Officials say Oregon is experiencing is a "staffing crisis" exacerbated by the COVID-19 pandemic for several reasons.
PORTLAND, Ore. -- Hoping to help curb what officials are calling an "extraordinary shortage" of substitute teachers across the state, the Oregon Teacher Standards and Practices Commission announced a new rule temporarily dropping the bachelor's degree requirement to become licensed in some cases.
The temporary rule, which is set to expire March 31, allows substitute teacher applicants without a bachelor's degree to be sponsored by a school district, which would also provide them with enhanced support and administrative supervision, according to a joint statement from Dr. Anthony Rosilez, the commission's executive director, and Erika Bare, the commission chair.
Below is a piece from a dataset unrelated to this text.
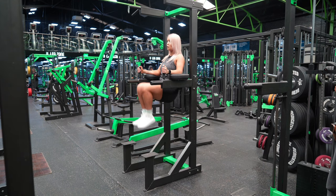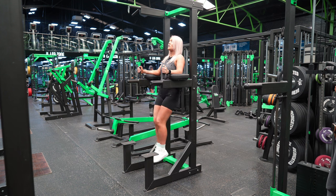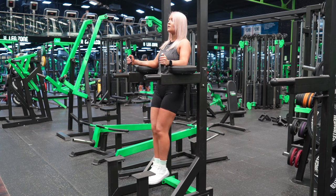With both feet on the assisting steps of the dip machine, position your back firmly against the pad and hold onto the handles, positioning your elbows on the elbow pads at about 90 degrees. Remove your feet from the assisting steps so you are now suspending mid-air, and push your body firmly against the pad.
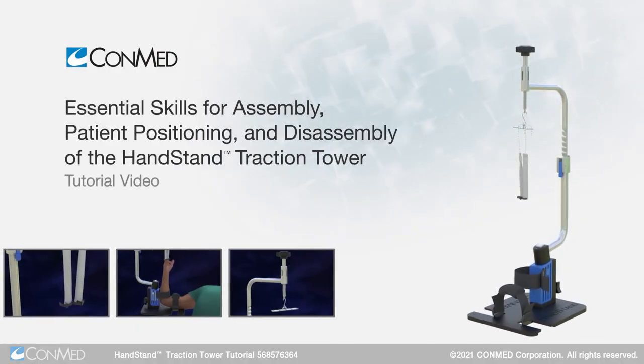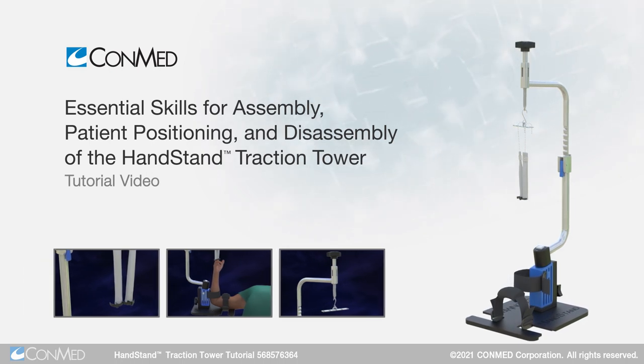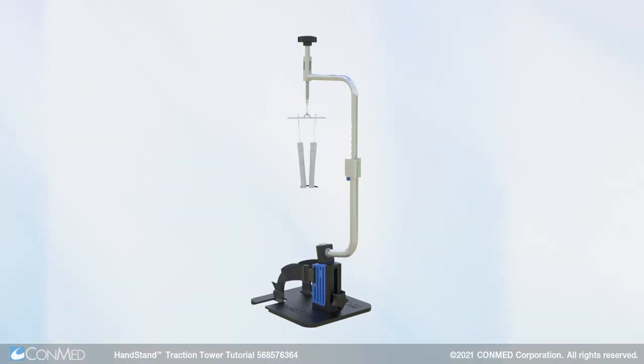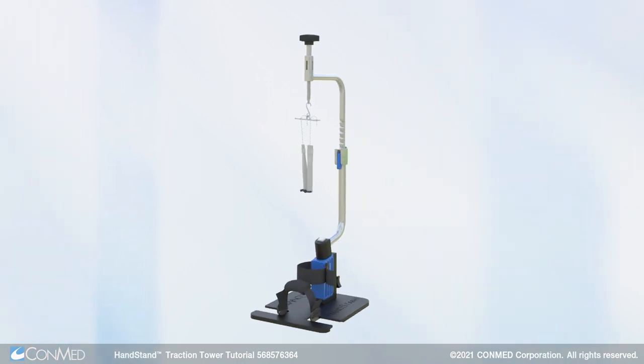The handstand traction tower is designed to be used in conjunction with either an armboard or hand table. Prior to positioning the patient, all pads must be removed from the armboard or hand table.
The license would only allow individuals to work for the district that sponsored them and would only be valid for the remainder of the school year, or six months, whichever is later.
"This rule maintains the responsibility of districts to ensure that the adults caring for the students in the classroom have the skills and dispositions necessary to be a temporary substitute teacher who can keep students safe and learning," Rosilez and Bare said in their statement.
The state has seen a massive decline in substitute teachers in less than two years: In December 2019, there were 8,290 licensed substitute teachers across Oregon. By September 18, 2021, the number was nearly slashed in half, down to 4,738 licensed substitutes. Without more teachers, classes will be "combined to unacceptable levels or not offered at all, inflicting irreparable harm on schoolchildren," the temporary administrative order says.
"While the data we have at this point is primarily anecdotal, the COVID pandemic has been a primary factor in the reduced supply," Rosilez and Bare said.
Elizabeth Thiel, president of the Portland Association of Teachers, which also represents substitute educators, said what Oregon is experiencing is a "staffing crisis" exacerbated by the COVID-19 pandemic for several reasons.
Some long-time substitute teachers, with little work for them last year due to distance learning, moved to different fields and found other jobs.
"At the same time there was a huge need to hire teachers. Many teachers resigned or left the profession last year so there were a lot of openings and many of our substitute educators have been hired into full-time jobs and so the pool that we have left of substitute educators is significantly smaller than it typically is," Thiel added.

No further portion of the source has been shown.